She was an independent woman-with only one weakness... an irresistible downtown man...
An immovable uptown lady... rich suffragette Beatrice Von Furstenberg was tough enough to trade stocks on Wall Street and smart enough to resist the temptation of passion. Adamant about women being independent-and without a romantic bone in her lovely body-she had sternly refused to give her moonstruck sixteen-year-old ward permission to wed an eighteen-year-old suitor. Now the desperate teens have dreamed up a mock robbery and a daring rescue to change Beatrice's mind.
Attorney Connor Barrow, a rogue of an Irishman with a silver tongue, remembers all too well the burning desires of youth. So he agrees to help in a crazy plan that will land him in a world of trouble. Suddenly he is responsible for the most influential lady in the city being locked up in a brothel, furious and threatening his ruin. Neither of them expects that first breathless kiss-a deal that would make the devil himself blush-and, most of all, the ways love can change a man's mind and open a woman's heart....
PUBLISHERS WEEKLY
In 1890s Manhattan, young lovers Priscilla and Jeffrey are forbidden to meet by Priscilla's aunt and guardian, Beatrice von Furstenberg, a wealthy suffragette who refuses to let her 16-year-old charge throw her life away.
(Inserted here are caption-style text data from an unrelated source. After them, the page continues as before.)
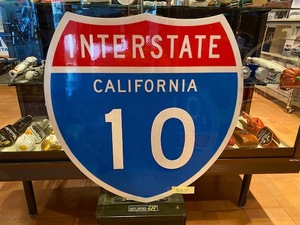世田谷ベース インテリア アメリカ雑貨 カリフォルニア ロードサイン 道路標識 本物 INTAER STATE 10 A E57 未使用品 ガレージ LAX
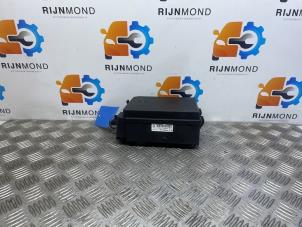 Begagnade Säkringsbox Opel Corsa E 1.4 16V Pris på förfrågan erbjuds av Autodemontage Rijnmond BV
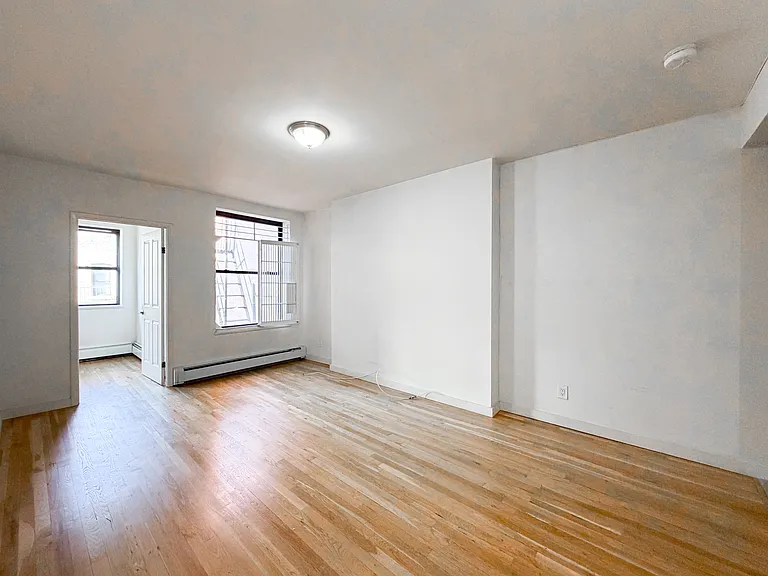 523 W 49th St #5B — Photo 8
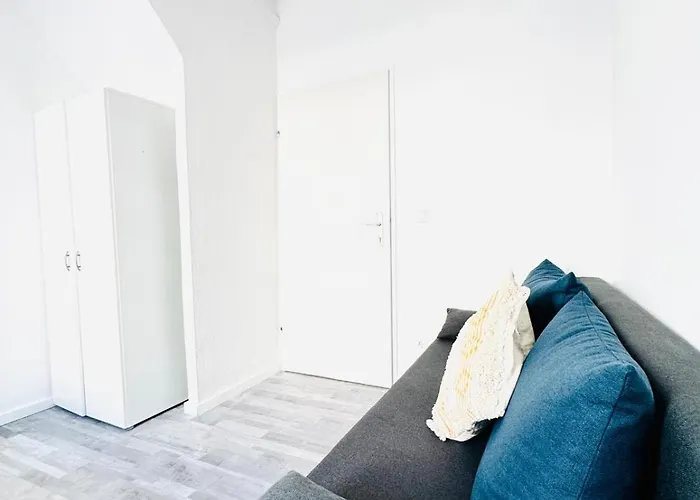 Apartment Affordable 4br Shared Apartment, 10 Min To Fac Platz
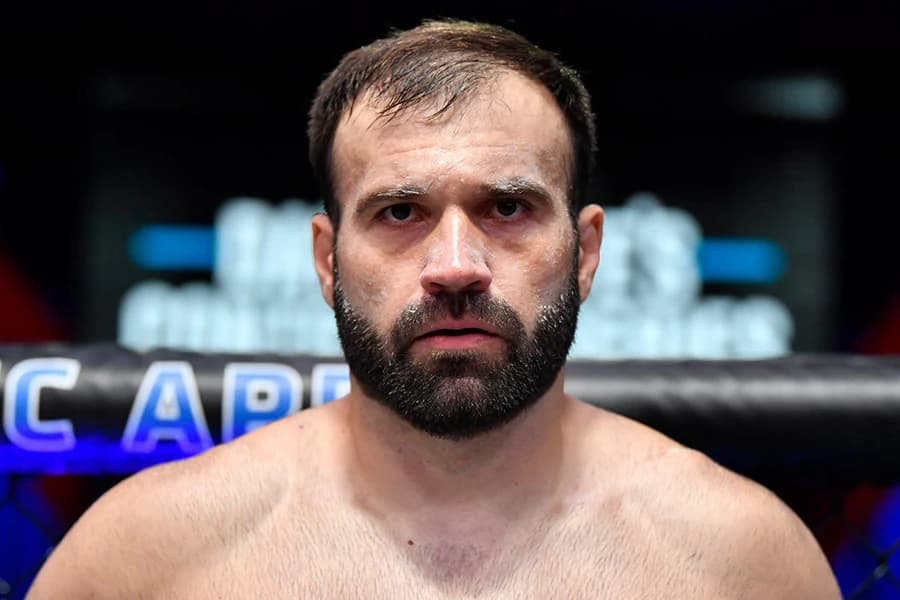 Боец UFC провалил тест на допинг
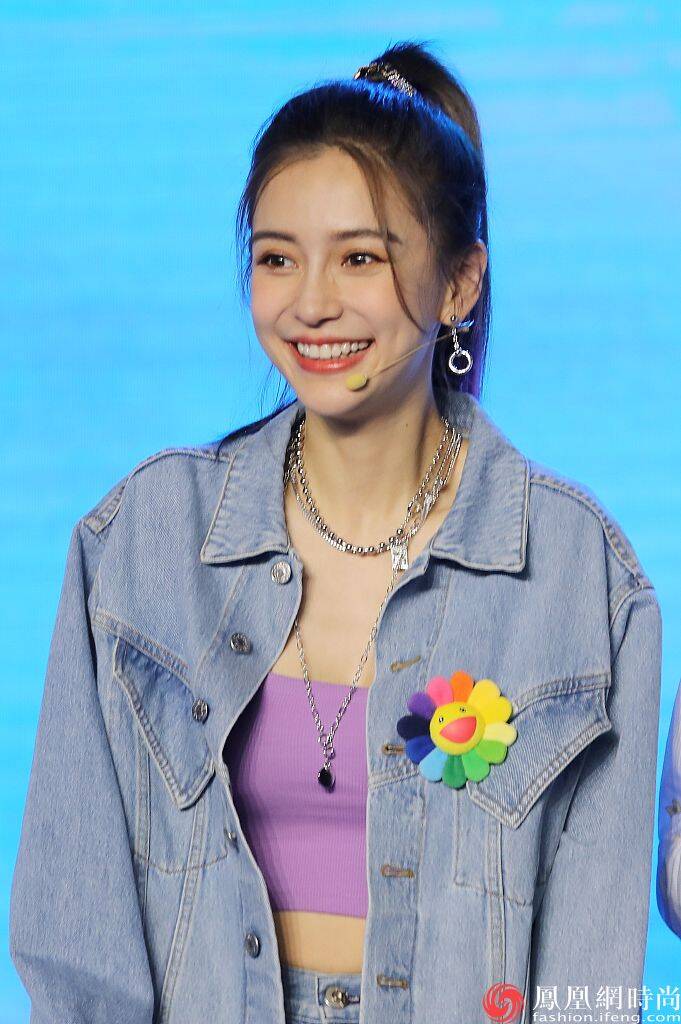 2020年6月11日,广西桂林,angelababy 杨颖出席《奔跑吧》发布会.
Priscilla persuades Jeffrey to have Beatrice robbed, reasoning that her frosty aunt will warm up to the boy if he connives to rescue her from the crime. Alas, Jeffrey botches the rescue, and Beatrice ends up in a brothel. She's sprung by Jeffrey's uncle, Connor Sullivan Barrow, a handsome charmer and rising politician. Never one to miss an opportunity, Beatrice uses her leverage (she knows that Connor helped his hapless nephew hire the robbers, a fact that would certainly kill his candidacy if it were known) to force Connor into championing women's suffrage during his run for Congress. Connor now has two problems: a cause that's treated with contempt by his backers, and a growing passion for the formidable Beatrice. The story lags in the middle when a business subplot, rather than any real romantic conflict, takes over. But happily, Krahn's warm, energetic style and the charm of her turn-of-the-century Manhattan setting--complete with Tammany Hall politicos, ladies of the evening and a glimpse or two of Susan B. Anthony--carry the book to a lively and satisfying conclusion.